Task item: Print only what runs from the line that includes "Wooden baby gym" to the end of the listing, word for word, and do not include any pictures.

Dataset content:
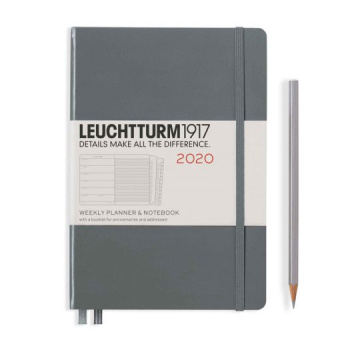 Еженедельник Leuchtturm 2020 А5 с записной книжкой с доп. буклетом, антрацит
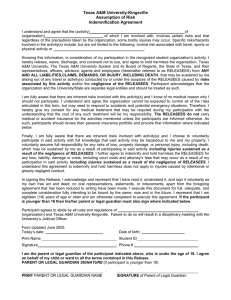 Texas A&amp;M University-Kingsville Assumption of Risk Indemnification Agreement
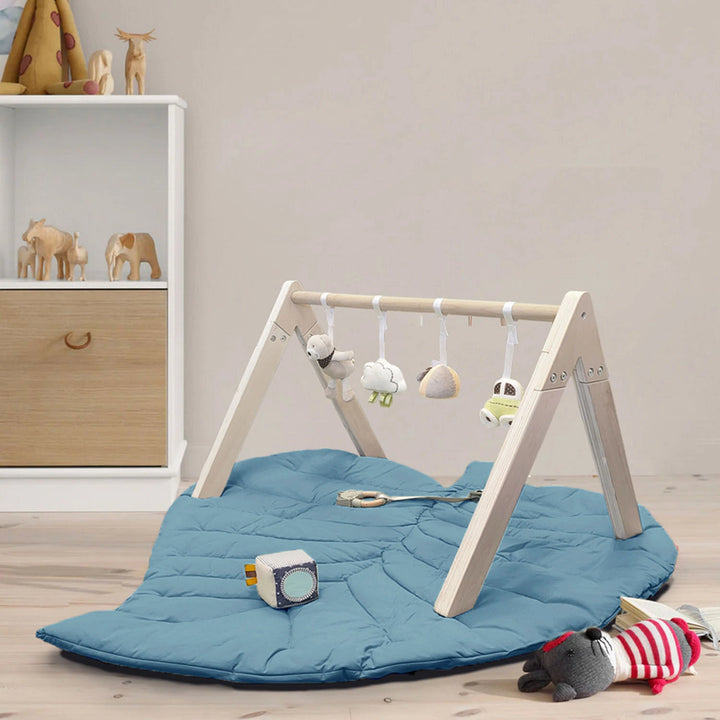 Wooden baby gym frame with detachable teether and mirror.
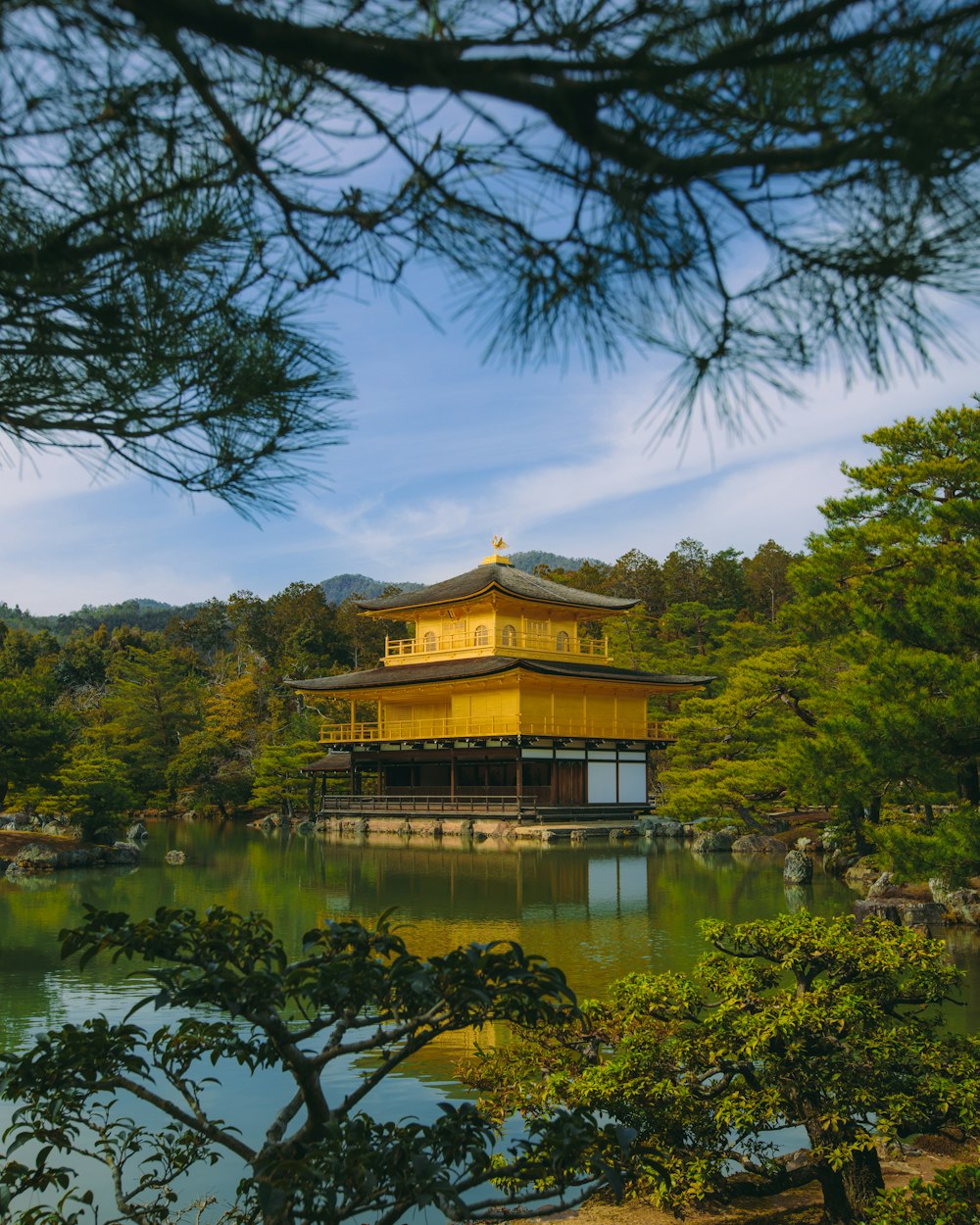 Kinkaku-ji with a pond in front of it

Problem solution:
 Wooden baby gym frame with detachable teether and mirror.
 Kinkaku-ji with a pond in front of it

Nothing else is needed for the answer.